Spotify faces Apple via its paid podcast
The battle for podcast dominance is still ongoing, and it may not be a company Apple is the only tech giant to have paid podcast subscriptions in the near future.
The news comes right after Apple’s podcast service launched its own in-app subscriptions, and Apple is allowing podcast users to sell access to ad-free content at any price they choose.
And unlike Spotify’s plan, Apple requires content makers to pay $ 19.99 a year in order to list subscriptions, plus a 30 percent fee for each subscriber’s first year.
Apple also does not allow podcast makers to use RSS to distribute exclusive content, and it must be downloaded manually through its system.
Spotify has not confirmed the plans, but director of content and advertising works (Dawn Ostroff) said: There is room for everyone in the audio space.
Unlike Apple, Spotify will not charge a fee or percentage from each membership, and the report added that podcast owners who choose to sell in-app subscriptions can set prices.
Listeners who use the Spotify app for iOS are directed to a website to complete the transaction and purchase subscriptions, depriving Apple of its usual share of App Store transactions.

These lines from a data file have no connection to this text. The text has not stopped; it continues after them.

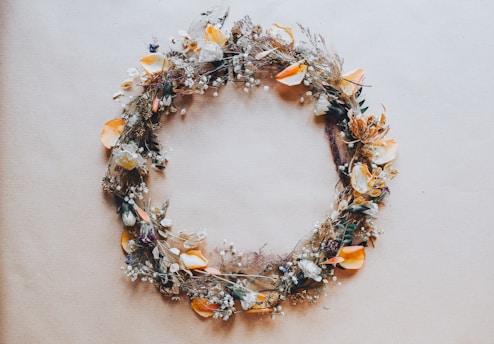A circular wreath made of dried flowers and foliage, featuring a mix of creamy whites, soft oranges, and subtle greens. The arrangement includes petals, leaves, and delicate sprigs, creating a rustic and organic aesthetic against a neutral background.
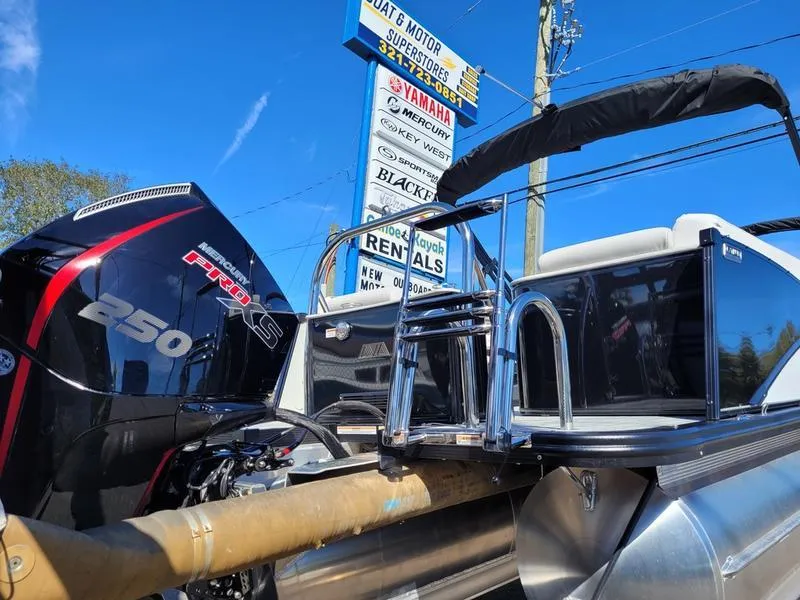 Slide: The Image of 2025 Avalon 2585 Catalina Quad Lounger with powerful 250 Pro XS engine, displayed outdoors. - 5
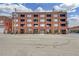 Brick exterior of building with multiple floors and large windows and street view at 346 Peters Sw St # 207, Atlanta, GA 30313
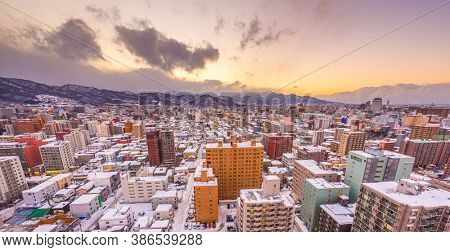 Sapporo, Japan winter skyline view towards the mountain at dusk.
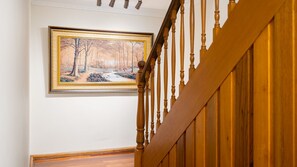 A staircase with wooden balusters and a framed painting of a forest scene on the wall. - Yowie Bay Waters | Pool, Spa & Port Hacking Views (Yowie Bay)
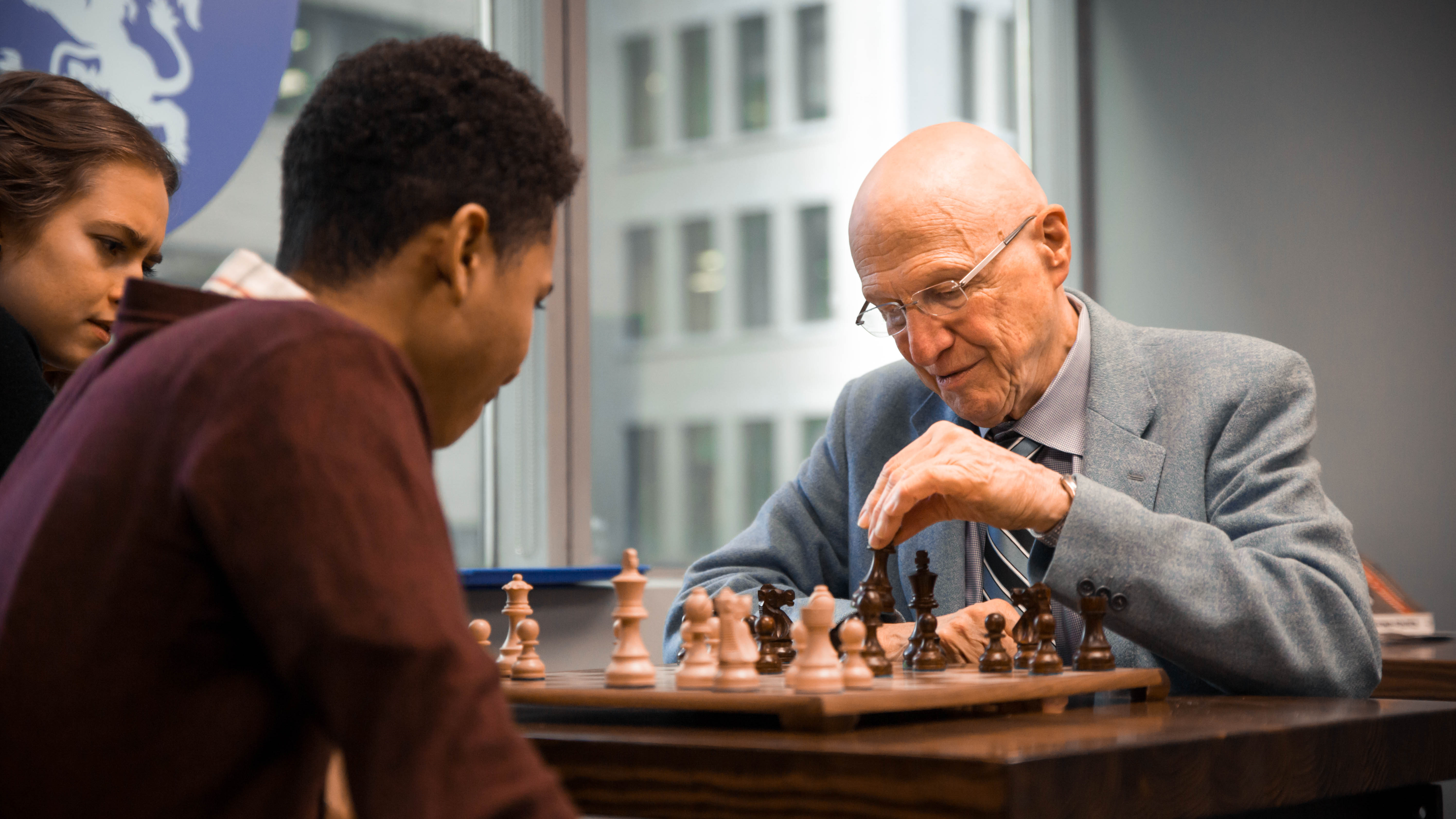 Dr. Kreeft playing chess with students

Patreon, Pocket Casts, Stitcher, and Wondery all offer prepaid podcast services.
And Apple and Spotify could quickly corner the market with massive leverage, provided there is enough interest in paying for podcast content in the first place.

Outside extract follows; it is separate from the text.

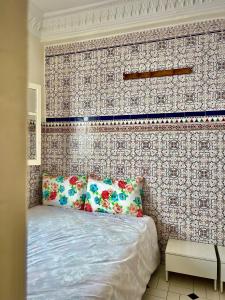 Un dormitorio con una cama con una pared de acento floral en Riad Le Palais en Rabat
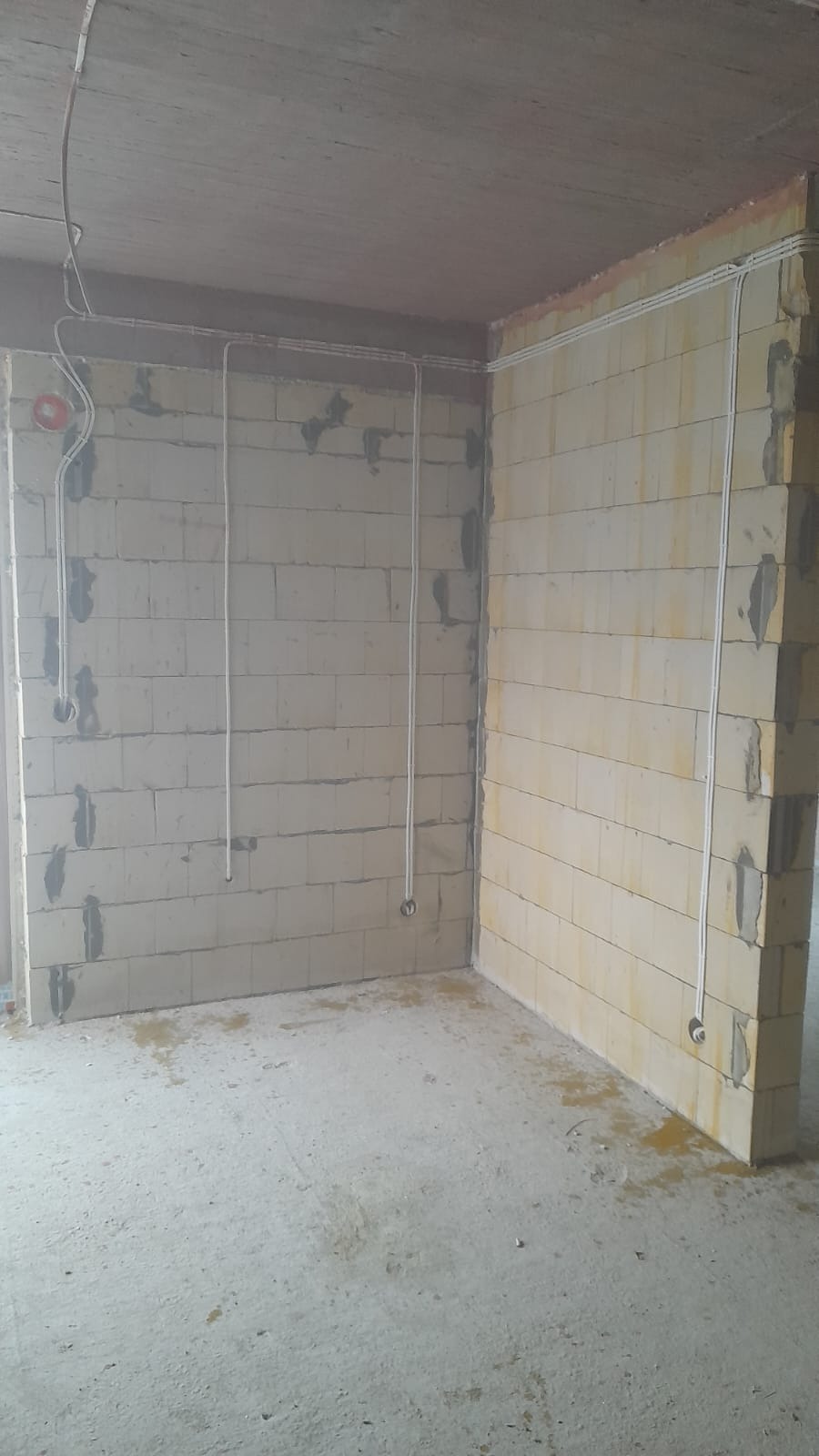 Surowy stan wnętrza w Konstancin-Jeziorna z widocznymi przewodami elektrycznymi poprowadzonymi po ścianach z bloczków, przygotowanymi do dalszych prac wykończeniowych.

And while the timing is likely not intended, Spotify’s plans show just how fiercely it is to compete with Apple in the podcasts.
Both see this as an opportunity to expand their services and master the spirit of the cultural age through exclusive offers.
The podcast has gone viral during the lockdown caused by the coronavirus, and it is on track to generate more than $ 1 billion in revenue this year from ads in the United States for the first time.
An estimated 116 million Americans, or 41 percent of the US population over the age of 12, now listen to podcasts monthly, an increase of 11 percent from 2020.